Здесь так много Дверей. Так много. Они повсюду. Самая громкая — напротив огненной горы — внезапно оказывается намного ближе, поэтому я думаю, мам надо все-таки идти туда. Но сколько здесь Дверей? Сколько Адов?
Сейчас меня волнует еще одна большая проблема. Я капнула лишь каплю крови, и Двери начали петь мне песни. Еще больше крови мне предстоит отдать. Когда ее окажется слишком много? И что тогда случится?
Что бы ни освободило мой голос, оно освобождает и других. Райан говорит своим собственным голосом:
— Может появиться Эрешкигаль[15]. Надо вести наблюдение.
Рокси фыркает и, скрестив ноги, садится подальше от нас — наблюдать за горой, к которой мы направляемся. Она потирает колено рукой, и я задумываюсь, сколько ей лет.
Кристиан садится рядом с тропинкой, лицом туда, откуда мы пришли. Паук щелкает, и щелкает, и щелкает. Паук, должно быть, щелкает уже несколько часов, и это действует мне на нервы, но, должно быть, он расстроен из-за смерти Джэксона.
Райан садится между мной и Стэном.
— Если бы Джэксон был жив, что бы я увидела? — громко спрашиваю я.
Райан пялится на меня, паук Кристиана щелкает еще громче, а Рокси пожимает плечами не оборачиваясь.
— Я никогда не ходила с ним в Дверь. Черт побери, дорогуша, я вообще никогда не была здесь. Я не знала, что я змея.
Я обращаюсь к Райану:
— Рай, а ты ведь знал об этой женщине, верно?
— Нет, — отвечает он.
Женщина распростерлась по обе стороны от Райана, а львица стоит позади, глядя на меня через его плечо.
— Кто они? — спрашиваю я.
Он хмурится, но не успевает ответить, как Рокси тихо смеется и говорит:
— Я узнаю Изиду.
Она оглядывается на нас через плечо. Змеи шипят.
— Из потустороннего мира, спасает своего мужа. Богиня волшебства. Все знают Изиду.
Египтянка — Изида — улыбается. Ее улыбка бросает в дрожь.
Я не обращаю на нее абсолютно никакого внимания.
— А кто вторая? С крыльями?
Она тоже мне улыбается, еще более зловеще, чем Изида.
Рокси рассматривает Райана щурясь.
— Иштар? — предполагает она.
Когда Райан улыбается, обе женщины тоже улыбаются и львица распахивает пасть.
О да, точно мороз по коже.
— У меня от тебя мороз по коже, мне страшно.
— Иштар. — Райан произносит это как-то по-другому, в этом имени звучит что-то склизкое, звучит смерть. — И не Изида, а Исида. — Как по мне, это одно и то же. Плюс один балл за то, что его аватары — три богини, минус миллион баллов за то, что он сосунок.
— Ладно, — соглашаюсь я. — А львица?
Рокси пожимает плечами:
— Не в курсе.
Райан оборачивается и минуту смотрит на львицу. Поворачиваясь обратно, он меняет тему.

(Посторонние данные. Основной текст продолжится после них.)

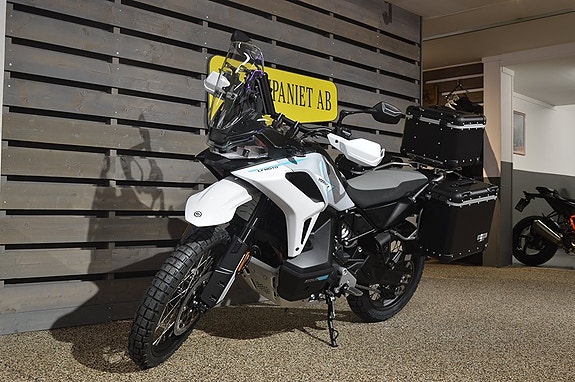 CFMOTO 1000 MT-X Kampanj ink väskor 4 of 13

— Думаю, Стэн не проснется, — говорит он.
Стэн бормочет:
— Не хочу.
Он жив! Но внутри его демон. Я в расстройстве. Райан наклоняется и расправляет платок так, чтобы он закрыл глаза Стэна. Райан бросает взгляд на меня:
— Не позволяй ему что-то увидеть, Элли.
— Почему?
— Потому что я так сказал, черт возьми. — Он выглядит уставшим и постаревшим. Он трет глаза и продолжает: — Прости. Ему нельзя видеть, где он, потому что не только он будет смотреть. Теперь внутри его оборотень — он увидит Кур, и, что хуже, Кур увидит его. Они проследят за ним.
Райан встает, прикрывает лицо полями стетсона и идет к Кристиану.

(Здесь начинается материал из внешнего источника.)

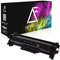 Alphafax Toner XXL ersetzt Brother TN2420 TN2410 doppelter Inhalt 6.000 Seiten für Brother HL-L2350DW HL-L2370DN HL-L2375DW HL-L2310D MFC-L2710DW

Я смотрю вниз. Стэн пытается сесть. Невнятно бормочет:
— Элли, что за черт…
Он берется за платок, и я отвожу его руку:
— Привет, Стэн. Не трогай это.
— Но я ничего не вижу, — ноет он.
— Я знаю, — говорю я. — В любом случае тут нет ничего приятного. Просто слушай меня, ладно? Ладно? — Он наконец кивает, и я прислоняю его к себе. Утыкаюсь носом в его волосы. Он пахнет сигаретами и роскошью. — Что ты помнишь?